Savaş Koç ile Sabancı arasında değil!

Görünene bakma, görünmeyeni görmeye uğraş! Zarfa takılma, zarfın içindekini (mazruf) yakalamaya çalış

Haberin Devamı

Görünene bakma, görünmeyeni görmeye uğraş! Zarfa takılma, zarfın içindekini (mazruf) yakalamaya çalış. 81 il içinde şu anda sadece İstanbul, Ankara ve İzmir gibi üç büyük kentin pazarını ele geçirmiş "A sınıfı süpermarketleri sahiplenme savaşı" Koç ile Sabancı arasında değil.

Vicdansız kapitalizm!
Ruhsuz küreselleşme!
Agresif globalizm!

Bizim 50 yılda gözümüz gibi bakıp büyüttüğümüz, koruyup kolladığımız iki seçkin özel sektör grubumuz Koç ile Sabancı'yı birbirine düşürdü.

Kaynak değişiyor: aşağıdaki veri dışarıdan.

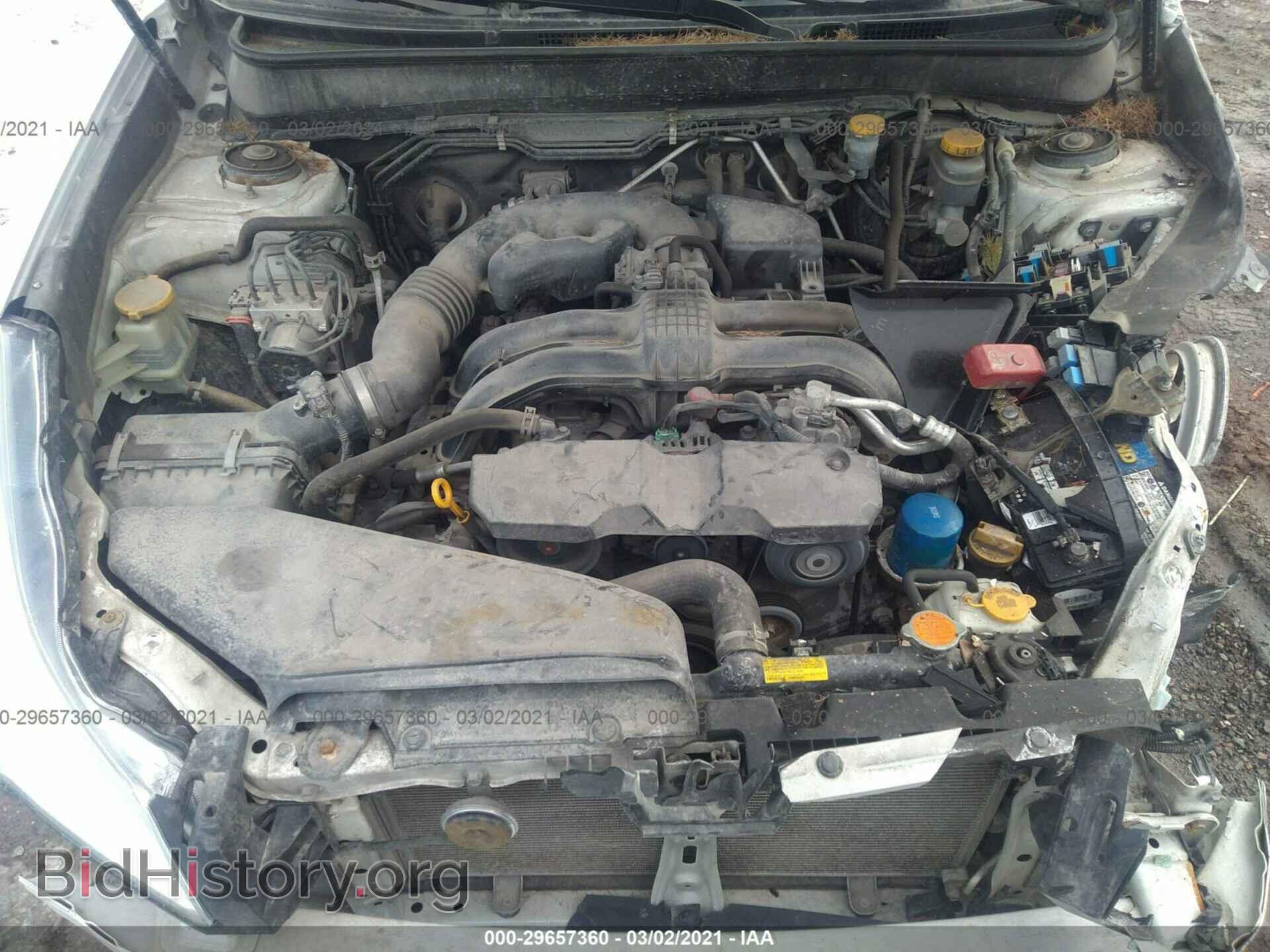 2014 SUBARU OUTBACK - VIN: 4S4BRBCC2E1205011 - Фото 10
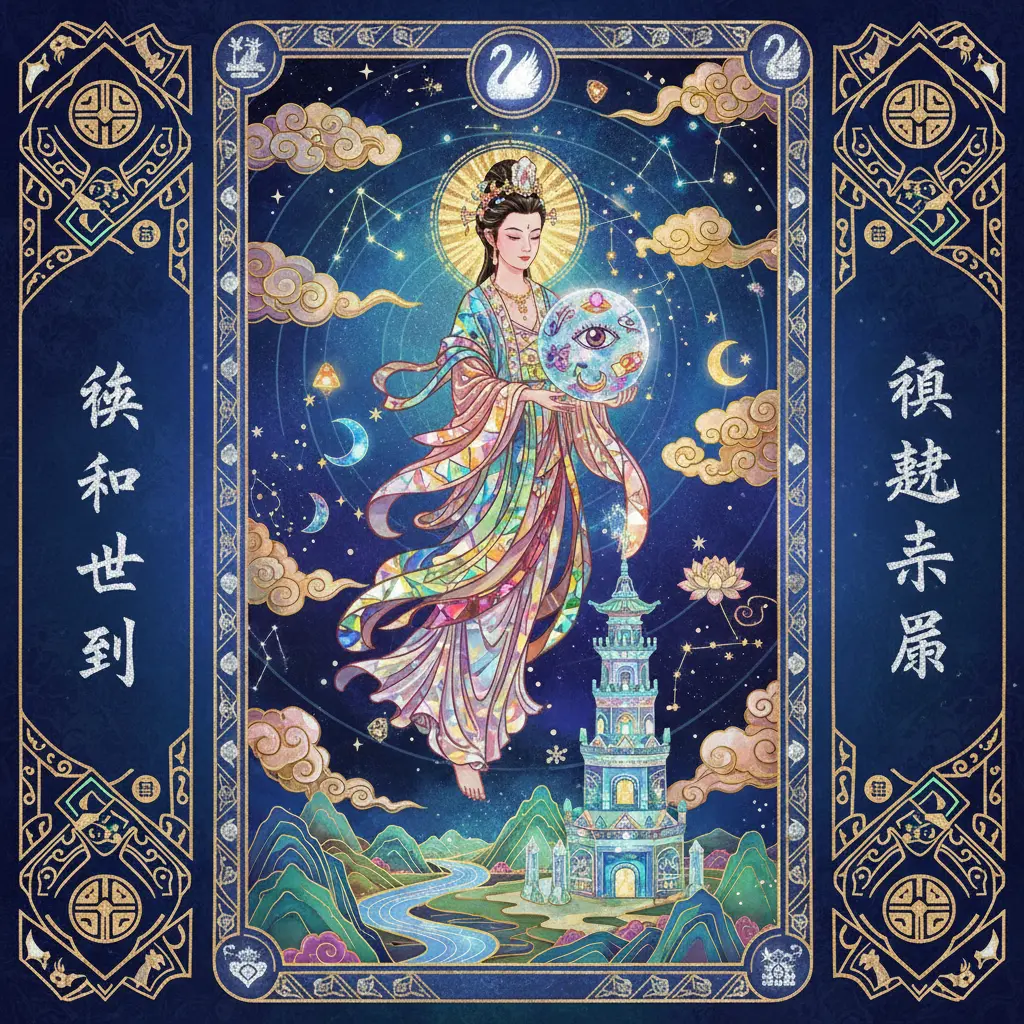 直覺塔羅 - 施華洛世奇水晶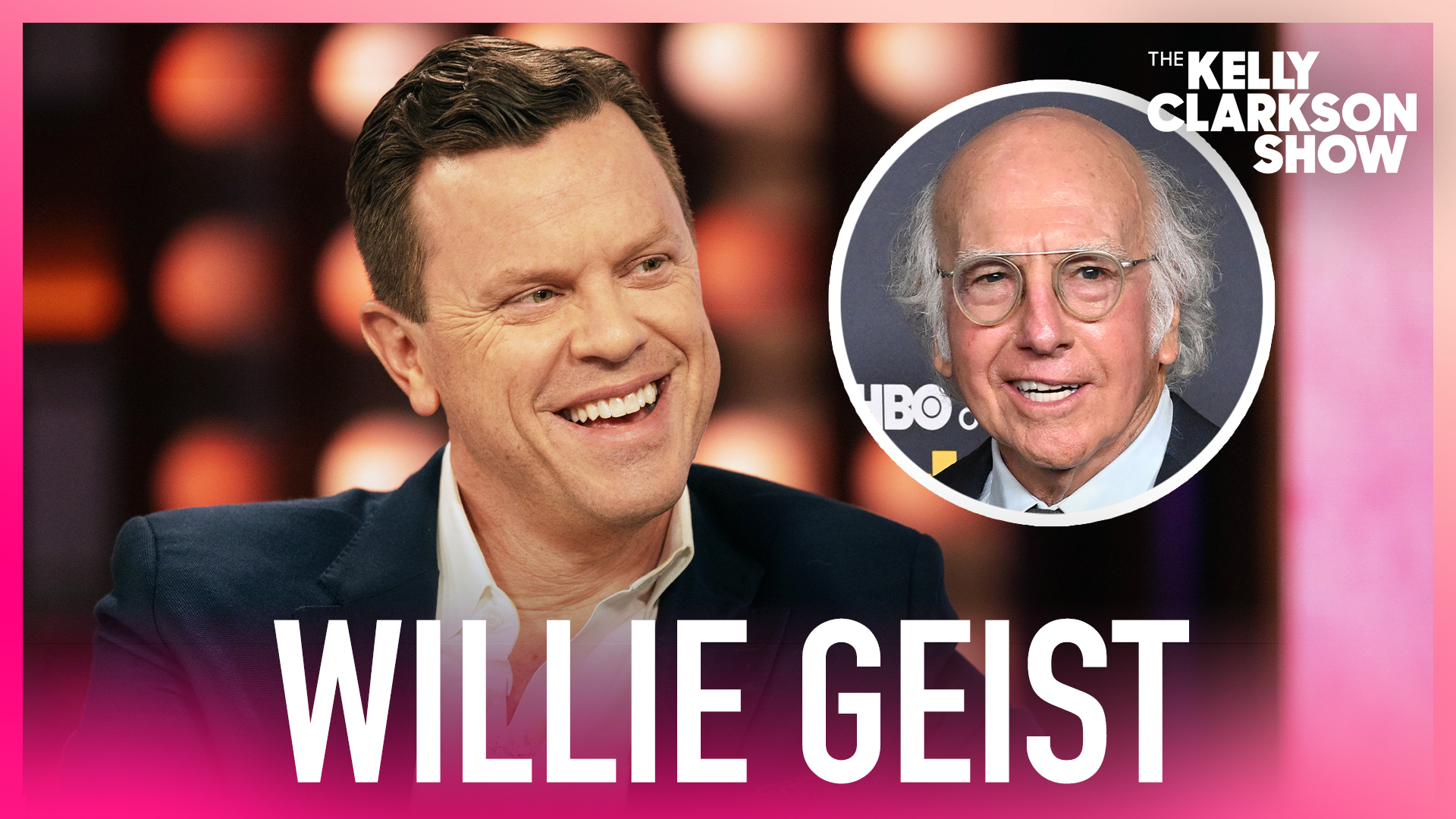 Willie Geist Reveals How Larry David Made Curb Your Enthusiasm Cameo Happen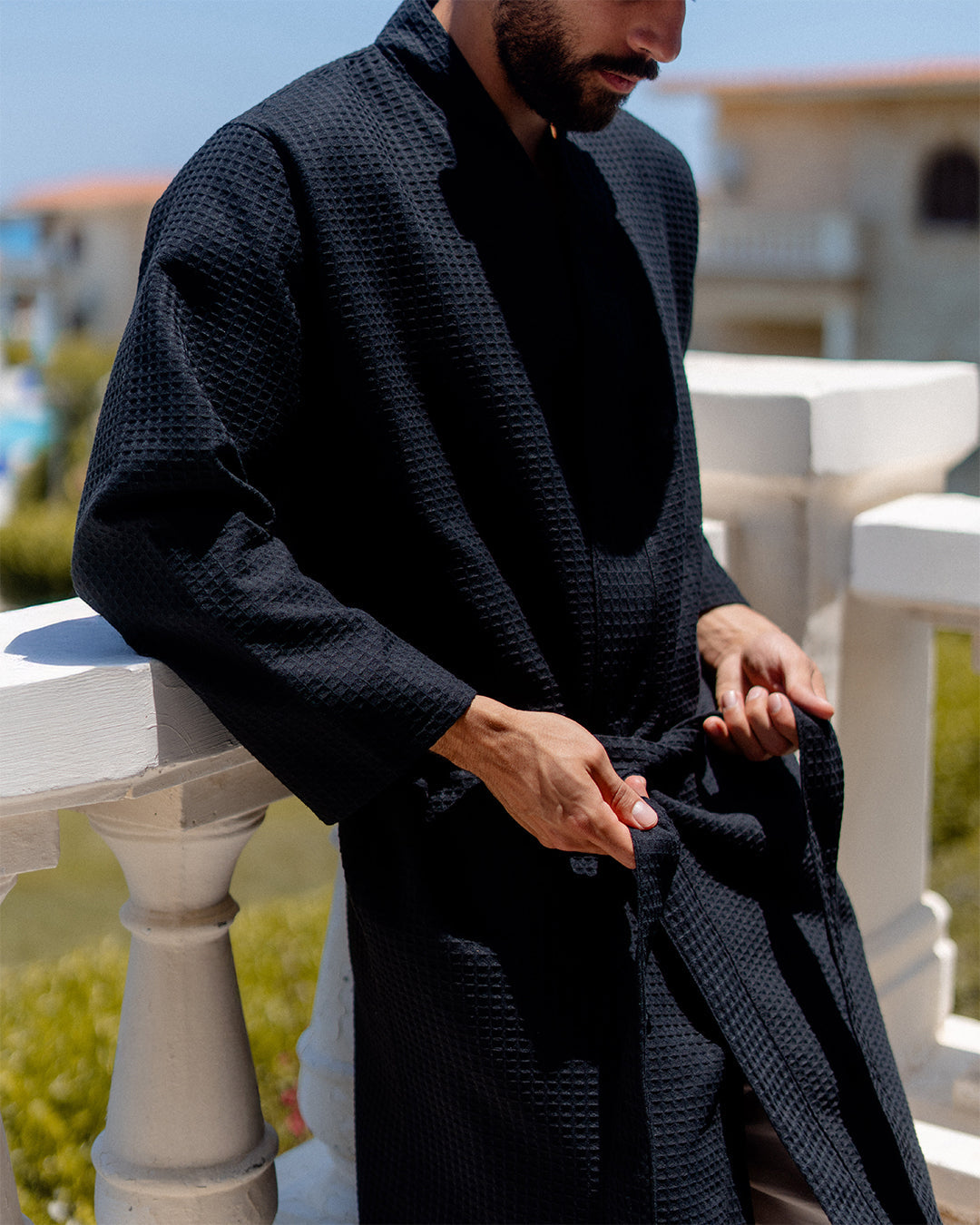 Waffle Bathrobe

Koç ile Sabancı bir bütün elma gibiydiler, yabancılar paslı bir hançer gibi girdi aralarına!

Gima satılığa çıkmıştı.
Koç alacaktı.
Sabancı aldı.
Bizimkiler birbirine küstü!

Carrefour seviniyor, Wal-Mart elini ovuşturuyor. Tesco, sipere yattı izliyor. Dünya dev süpermarketler zincirinin birincisi Wal-Mart (yıllık cirosu 280 milyar dolar), ikincisi Carrefour (yıllık cirosu 75 milyar dolar) üçüncüsü Tesco (yıllık cirosu 50 milyar dolar) Türkiye pazarında büyümeye karar verdiler.

***

Bu onların vizyonudur! Onların stratejisi! Onların hedefidir!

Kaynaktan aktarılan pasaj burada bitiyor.